Rising health care costs may have spurred more individuals to use complementary and alternative medicine
Research Activities, September 2011, No. 373
Use of chiropractic care, massage, and acupuncture continues to grow, especially for individuals who have difficulty affording conventional medicine, a new study finds. Comparing data from the National Health Interview Surveys from 2002 and 2007, researchers found a relative increase of 14.2 percent in use of at least one complementary and alternative medicine (CAM) service (25.7 percent in 2002 vs. 29.4 percent in 2007). In 2007, Whites (33 percent) and Asians (31.8 percent) were the greatest users of CAM, followed by blacks (20.1 percent) and Hispanics (16.9 percent).
When individuals face financial barriers that prevent them from receiving conventional care, they are more likely to turn to more affordable CAM therapies for relief, the authors suggest. For instance, 38.5 percent of individuals who said they used at least one CAM therapy in 2007 also reported having an unmet medical need or delayed care because of cost. In contrast, only 28.1 percent of CAM users did not report having unmet needs or delayed care.
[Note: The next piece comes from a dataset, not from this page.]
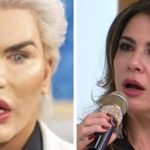 Ken Humano exibiu transformação no SuperPop e deixou Luciana Gimenez Chocada (Foto: Montagem/TV Foco)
This upswing in CAM use has coincided with escalating health care costs. The authors suggest that this increase in CAM use warrants an evaluation of CAM therapies' effectiveness and health consequences to determine if the therapies can be used as true alternatives or only as supplements to conventional medical care. This study was funded in part by the Agency for Healthcare Research and Quality (HS17003).
See "Trends in the use of complementary and alternative medicine in the United States: 2002-2007," by Dejun Su, Ph.D., and Lifeng Li, M.P.H., in the Journal of Health Care for the Poor and Underserved, 22(1), pp. 296-310, 2011.